Esta pasada semana me topé con este bello Himno del siglo IX que formaba parte de la Liturgia Latina en este tiempo de Adviento.
“Que el sol, los astros, la tierra y los mares
resuenen ante el advenimiento del Dios altísimo;
¡que el rico y el pobre unan sus cantos
para celebrar al Hijo del Creador supremo!

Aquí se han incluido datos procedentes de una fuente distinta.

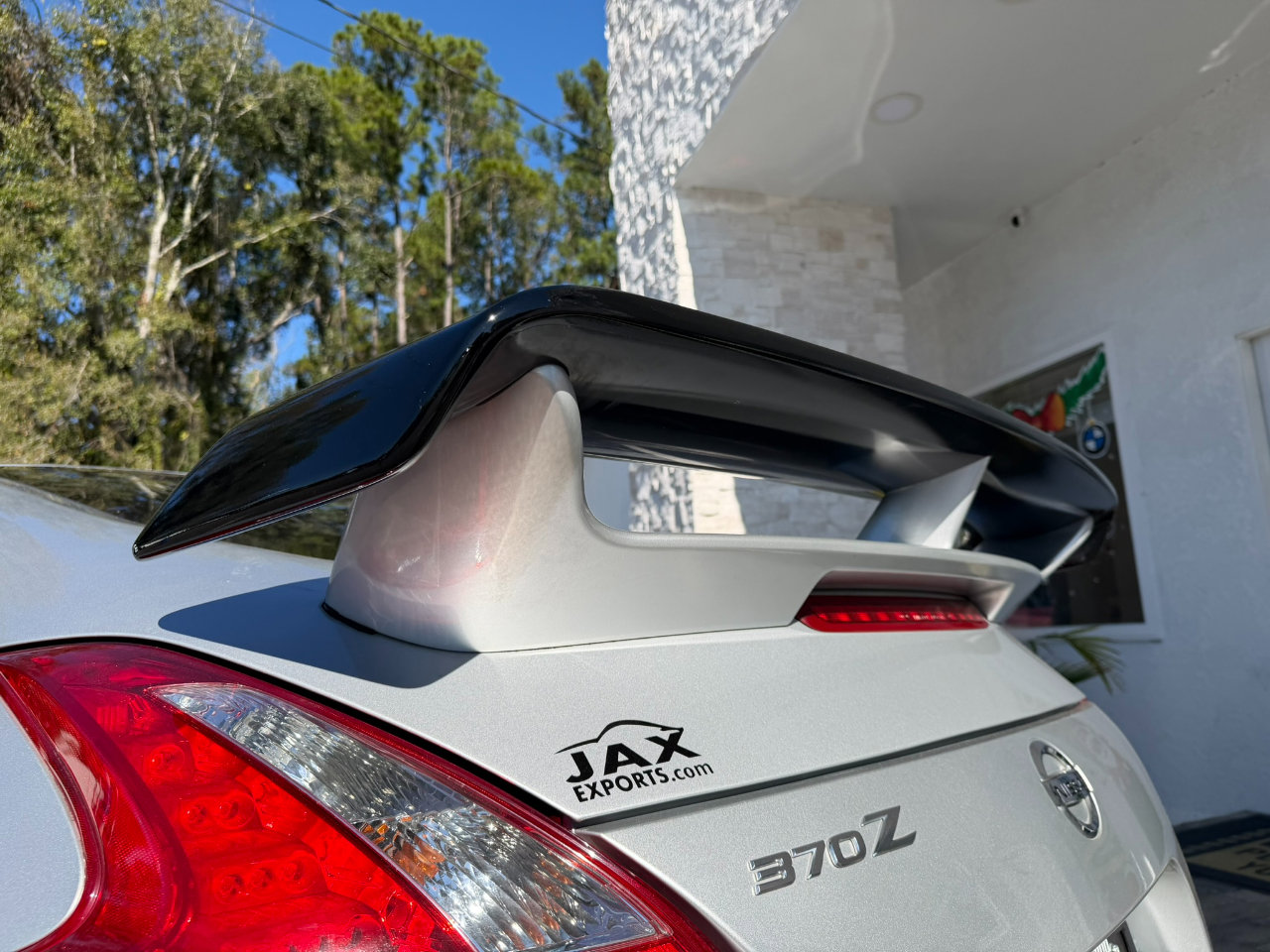 Used 2015 Nissan 370Z 2dr Cpe Manual Sport image 17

Su nacimiento precede a la estrella de mañana:
éste es el Salvador prometido antaño a nuestros padres,
fruto glorioso de una Virgen,
el Hijo del Dios todopoderoso.
Éste es el Rey de la gloria,
el que debía venir para reinar sobre los reyes,
para poner bajo sus pies al enemigo cruel,
y para curar al mundo enfermo.
Que los ángeles también se alegren;
que todos los pueblos se estremezcan de alegría:
el Altísimo viene humildemente para salvar lo que perecía...

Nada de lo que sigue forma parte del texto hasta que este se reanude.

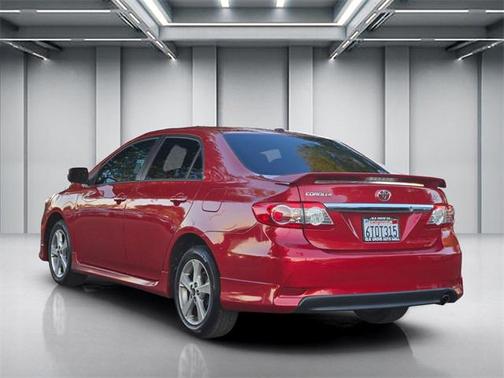 2011 Toyota Corolla S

Que los profetas alcen sus voces y profeticen:
¡El Emmanuel ya está cerca de nosotros!
Que la lengua de los mudos se desate,
y vosotros, los cojos, corred a su encuentro...
Todas las naciones y las islas, aclamad este gran triunfo.

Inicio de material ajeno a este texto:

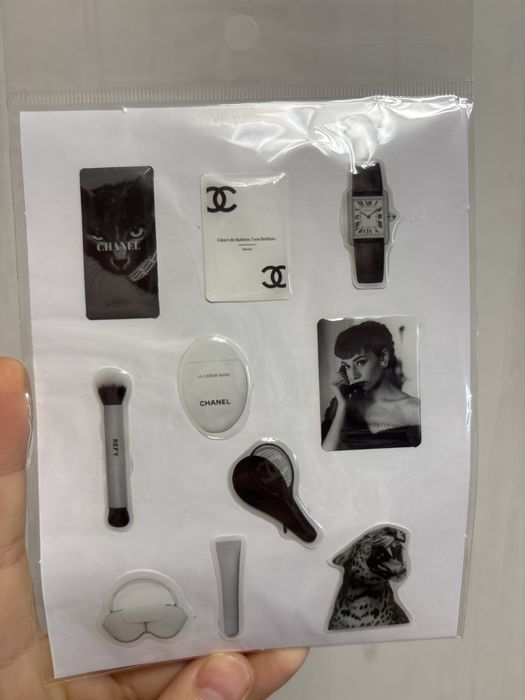 3d стікери для чохлів на телефон планшет ноутбук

Corred como acuden los ciervos:
he aquí el Redentor que viene.
Que los ojos de los ciegos, hasta ahora cerrados a la luz,
aprendan a traspasar las tinieblas de noche, y abrirse a la luz verdadera...
¡Alabanza, honor, poder y gloria a Dios Padre,
y a su Hijo en la unidad del Santo Espíritu por los siglos eternos!”
Me ha parecido bonito compartirlo con todos, ya lo conocieran o no, especialmente en este contexto de reflexiones a raíz del Año de la Fe. No en vano, nuestro Credo, tras llamar a Dios padre y reconocerle como todopoderoso, afirma nuestra fe en su Hijo, nuestro Señor, ése que se acerca, que siempre ha estado, ése que, como señala Benedicto XVI en su catequesis semanal “no es algo que se superpone a nuestra humanidad, sino el cumplimiento de los más profundos anhelos humanos”.